Transkribus in practice/Models & Training

Release 1.7.1

HTR does not require dictionaries. However, they are also available and can be selected if you perform full-text recognition.

With each HTR training, a dictionary can be generated out of the GT in the training set. It is therefore possible to create a suitable dictionary for each model or for the type of text you are working with.

However, dictionaries are rarely used in Transkribus. In our project they are sometimes used at the beginning of the work on new models. As long as the model to be improved still has a CER of more than 8%, correcting the texts recognized by the HTR is very time-consuming. If a dictionary is used at this point, the CER can often be reduced to 5%. If the model already has a CER below 8%, the use of dictionaries is counterproductive because the reading result often becomes worse again. In such cases, the HTR “contrary to better knowledge” replaces its own reading result with a recommendation from the dictionary.

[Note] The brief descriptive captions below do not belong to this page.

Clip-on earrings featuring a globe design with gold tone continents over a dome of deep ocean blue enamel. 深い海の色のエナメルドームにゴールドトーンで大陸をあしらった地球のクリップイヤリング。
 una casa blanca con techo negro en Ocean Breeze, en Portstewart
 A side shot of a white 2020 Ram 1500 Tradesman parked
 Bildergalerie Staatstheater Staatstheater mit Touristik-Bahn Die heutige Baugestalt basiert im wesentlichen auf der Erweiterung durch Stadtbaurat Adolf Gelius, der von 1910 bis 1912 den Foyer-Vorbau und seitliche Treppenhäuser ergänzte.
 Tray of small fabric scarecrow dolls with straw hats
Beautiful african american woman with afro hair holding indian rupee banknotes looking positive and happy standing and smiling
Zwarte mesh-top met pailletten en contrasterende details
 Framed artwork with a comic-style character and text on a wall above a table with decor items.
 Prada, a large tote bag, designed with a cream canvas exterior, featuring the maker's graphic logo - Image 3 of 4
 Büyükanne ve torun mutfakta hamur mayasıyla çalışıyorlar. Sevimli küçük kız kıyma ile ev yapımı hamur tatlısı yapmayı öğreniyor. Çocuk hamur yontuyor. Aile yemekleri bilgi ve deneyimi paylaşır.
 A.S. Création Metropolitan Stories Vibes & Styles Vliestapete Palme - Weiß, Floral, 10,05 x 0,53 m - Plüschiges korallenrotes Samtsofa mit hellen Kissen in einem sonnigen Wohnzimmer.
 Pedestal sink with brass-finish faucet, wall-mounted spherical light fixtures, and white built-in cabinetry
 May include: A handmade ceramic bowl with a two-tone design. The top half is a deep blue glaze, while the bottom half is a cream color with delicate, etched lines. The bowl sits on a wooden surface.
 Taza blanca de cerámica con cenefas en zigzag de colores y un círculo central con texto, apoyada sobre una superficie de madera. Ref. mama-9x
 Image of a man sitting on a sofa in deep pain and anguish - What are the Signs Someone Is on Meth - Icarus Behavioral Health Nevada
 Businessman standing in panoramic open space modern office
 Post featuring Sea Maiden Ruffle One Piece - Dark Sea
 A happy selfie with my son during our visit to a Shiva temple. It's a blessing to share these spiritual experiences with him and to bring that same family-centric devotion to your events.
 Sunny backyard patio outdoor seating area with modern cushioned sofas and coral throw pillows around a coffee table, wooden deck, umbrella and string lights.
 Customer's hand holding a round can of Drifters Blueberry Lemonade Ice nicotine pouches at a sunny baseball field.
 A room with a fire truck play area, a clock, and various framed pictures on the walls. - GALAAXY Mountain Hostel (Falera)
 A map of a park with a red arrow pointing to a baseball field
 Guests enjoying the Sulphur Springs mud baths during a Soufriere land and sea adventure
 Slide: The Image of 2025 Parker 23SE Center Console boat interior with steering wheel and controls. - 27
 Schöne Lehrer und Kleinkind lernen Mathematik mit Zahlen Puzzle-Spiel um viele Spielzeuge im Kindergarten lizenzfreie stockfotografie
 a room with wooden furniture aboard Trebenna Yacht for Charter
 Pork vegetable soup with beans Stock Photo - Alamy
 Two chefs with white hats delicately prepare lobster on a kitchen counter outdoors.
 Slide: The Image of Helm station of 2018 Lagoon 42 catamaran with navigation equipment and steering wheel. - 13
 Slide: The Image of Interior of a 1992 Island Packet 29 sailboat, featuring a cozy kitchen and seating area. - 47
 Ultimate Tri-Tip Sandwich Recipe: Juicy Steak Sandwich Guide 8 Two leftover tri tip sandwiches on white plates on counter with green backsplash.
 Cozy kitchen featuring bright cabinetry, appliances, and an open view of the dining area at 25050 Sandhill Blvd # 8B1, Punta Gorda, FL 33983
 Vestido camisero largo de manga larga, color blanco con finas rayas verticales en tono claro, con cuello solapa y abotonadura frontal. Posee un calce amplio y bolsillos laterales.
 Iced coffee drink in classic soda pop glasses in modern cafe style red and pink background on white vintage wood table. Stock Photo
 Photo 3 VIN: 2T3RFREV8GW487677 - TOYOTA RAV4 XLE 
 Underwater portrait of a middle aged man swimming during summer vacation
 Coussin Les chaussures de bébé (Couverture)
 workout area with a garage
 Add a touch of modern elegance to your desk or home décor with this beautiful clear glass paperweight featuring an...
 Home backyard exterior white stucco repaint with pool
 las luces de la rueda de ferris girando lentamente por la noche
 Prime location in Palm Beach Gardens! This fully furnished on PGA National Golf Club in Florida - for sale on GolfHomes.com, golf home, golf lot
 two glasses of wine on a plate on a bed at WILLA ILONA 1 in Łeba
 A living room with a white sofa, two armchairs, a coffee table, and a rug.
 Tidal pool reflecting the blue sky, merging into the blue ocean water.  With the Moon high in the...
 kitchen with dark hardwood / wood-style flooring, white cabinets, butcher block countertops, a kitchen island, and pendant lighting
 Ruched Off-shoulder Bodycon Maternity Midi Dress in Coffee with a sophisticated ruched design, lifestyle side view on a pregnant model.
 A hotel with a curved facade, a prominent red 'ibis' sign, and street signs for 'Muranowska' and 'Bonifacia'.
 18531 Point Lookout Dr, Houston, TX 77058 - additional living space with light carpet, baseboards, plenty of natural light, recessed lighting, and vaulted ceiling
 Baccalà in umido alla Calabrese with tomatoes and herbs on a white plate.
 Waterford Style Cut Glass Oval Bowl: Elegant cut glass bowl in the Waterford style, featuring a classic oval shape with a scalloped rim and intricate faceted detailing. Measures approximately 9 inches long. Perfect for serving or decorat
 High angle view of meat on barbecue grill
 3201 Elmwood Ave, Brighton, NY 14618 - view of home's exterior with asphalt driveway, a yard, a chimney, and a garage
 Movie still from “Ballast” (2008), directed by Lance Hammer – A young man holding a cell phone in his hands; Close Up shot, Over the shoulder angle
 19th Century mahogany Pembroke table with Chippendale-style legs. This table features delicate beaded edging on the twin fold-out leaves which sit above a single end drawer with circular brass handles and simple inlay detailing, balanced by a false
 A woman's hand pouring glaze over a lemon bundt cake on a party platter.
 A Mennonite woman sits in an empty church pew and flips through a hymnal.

We use dictionaries just to support very weak models. And we do this rather to help the transcriber with particularly difficult writings. So we used a dictionary to create the GT for the really hard to read concept writings. Of course, the results had to be corrected in every case. But the “reading recommendations”, which were based on the HTR with dictionary, were a good help. As soon as our model was able to recognize concept writings with less than 8% CER, we decided not to use the dictionary any longer.